Short text fragments from websites
◇ ◇ ◇ ◇

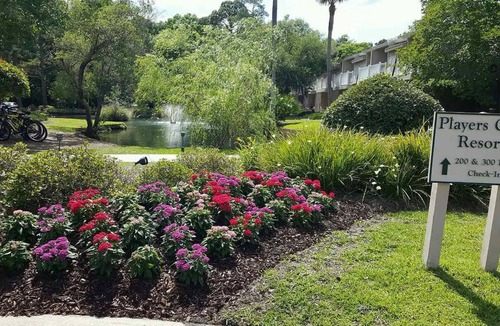 Hilton Head House | Players Club of Hilton Head Island - Studio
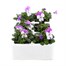 Viola F1 White With Rose Wing 6 Pack Boxed BeddingAlternative Image2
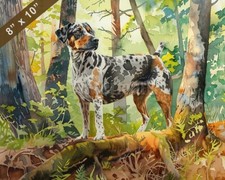 Catahoula Leopard Dog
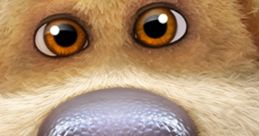 Close-up of a cute animated bear face with expressive eyes, perfect for sharing funny Memes Mp3 moments.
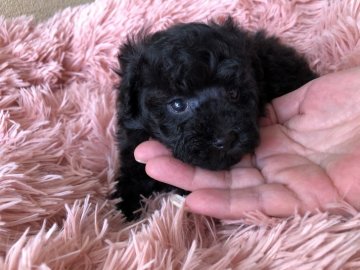 トイプードル(ティーカップ)【福岡県・女の子・2020年7月27日・ブラック】の写真「ちっちゃくて可愛いお顔の女の子」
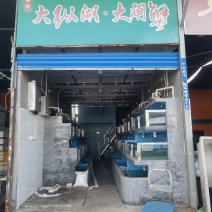 各类淡水鱼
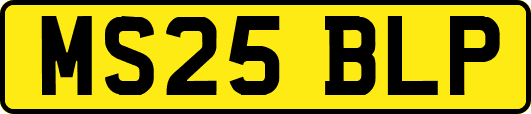 MS25BLP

◇ ◇ ◇ ◇

Could you repeat exactly the lines from the one containing "Close-up of a" to the last line of the records, both included, and leave out every picture?

> _ANSWER AREA_
 Close-up of a cute animated bear face with expressive eyes, perfect for sharing funny Memes Mp3 moments.
 トイプードル(ティーカップ)【福岡県・女の子・2020年7月27日・ブラック】の写真「ちっちゃくて可愛いお顔の女の子」
 各类淡水鱼
 MS25BLP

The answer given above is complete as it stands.